A quick introduction to Vuo so you can start making your own compositions
Transcript
Welcome to the Vuo community. This is Jaymie from the Vuo team. This tutorial will cover the basics of Vuo so you can start making your own compositions. If you haven’t already, download and install Vuo. I’m going to show you how to make an animated pattern that looks like this.
Go to New composition from template
and choose Image.
This blank space is your canvas. The things on it are called nodes. I’m deleting the nodes we don’t need. Let’s see what we have so far. Click the Run
button to launch the composition. Each node has a job that it does: Render Image to Window
displays this window, Fire on Display Refresh
is going to control the timing of our animation once we have an image to animate. Let’s find a node whose job it is to make an image. There are a lot, so we’ll narrow it down to noise. There’s the Make Noise Image
node. Drag it onto the canvas.
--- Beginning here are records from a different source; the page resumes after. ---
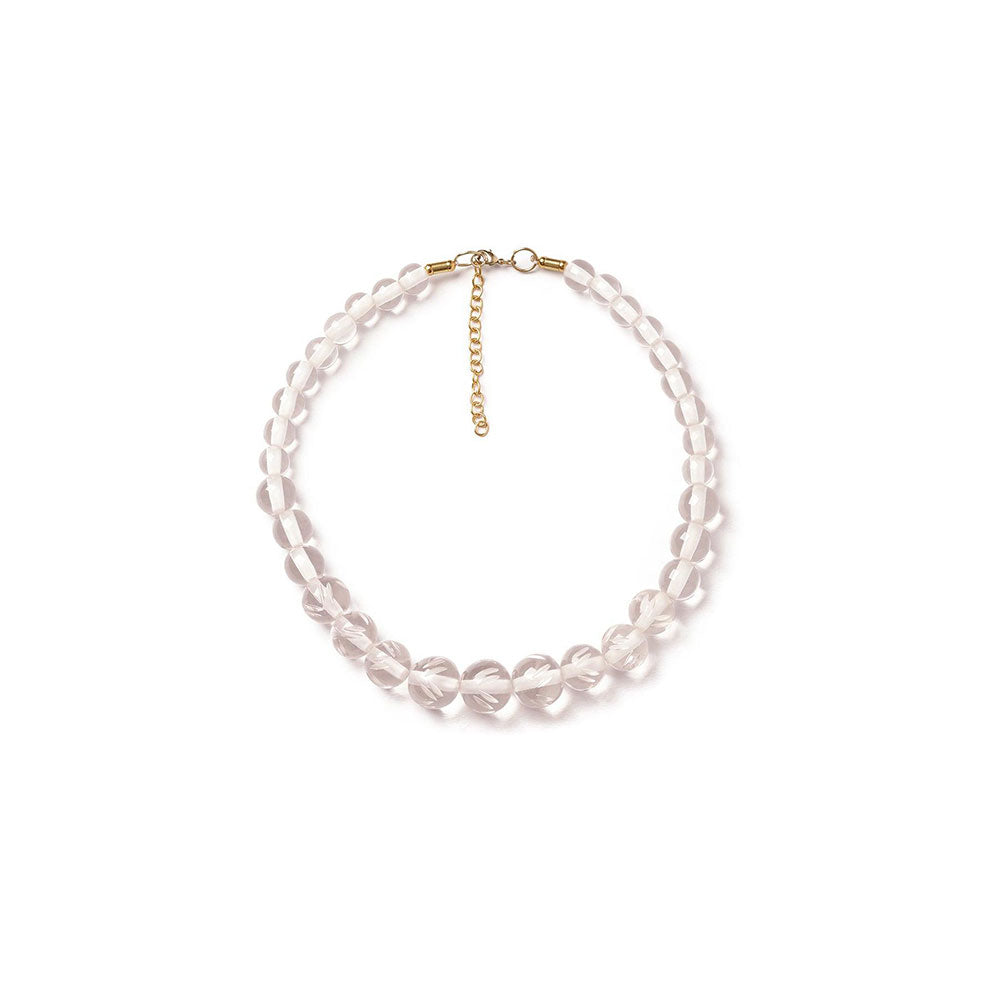 Crystal Heavy Carve Bead Necklace by Splendette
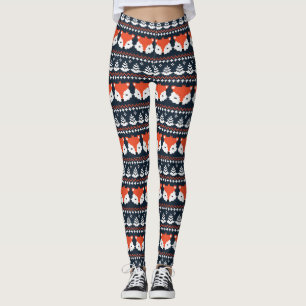Knitted Christmas Ugly Sweater Fox Leggings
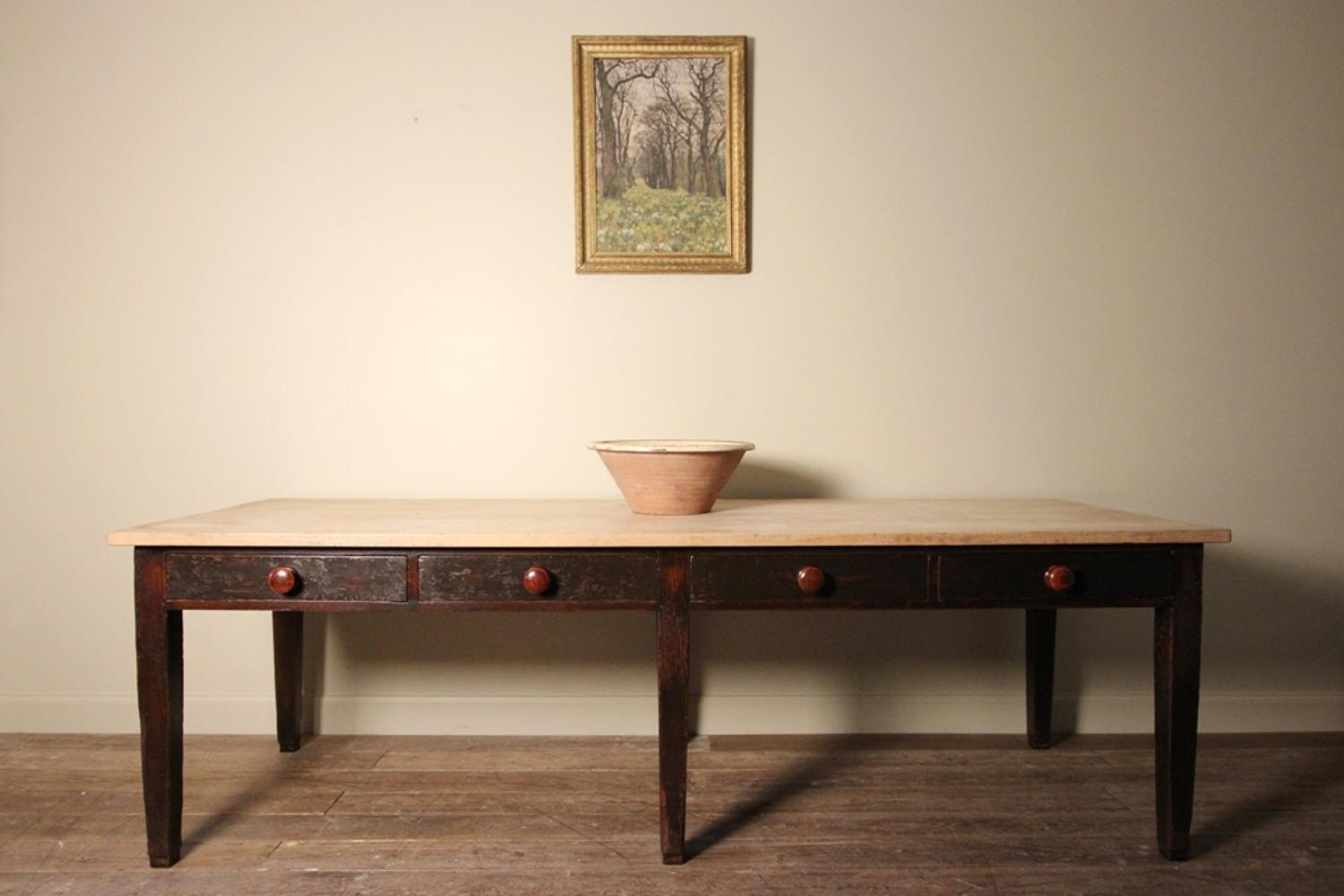 Superb Large Sycamore Farmhouse Kitchen Dairy Table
We have three nodes to do the work. Now we need to connect them so they can work together.
Drag your mouse to draw a cable from the Refreshed at time
output port to the Time
input port. Draw another cable from Make Noise Image
to Render Image to Window.
Now each node is passing the result of its work on to the next node. Any of these input ports without a cable going into it you can edit by double clicking. Let’s change the white to a green. Now let’s make things more interesting by adding an effect to the noise.
Search the node library for image filter to see the choices. Let’s choose Make Stained Glass Image
. Insert the node here between Make Noise Image
and Render Image to Window
. Again you can edit the input port values by double-clicking on them.
OK, you’ve learned about nodes, how to search the node library for one that does a specific job, how to make nodes work together by connecting them with cables and how to change their settings by editing input ports.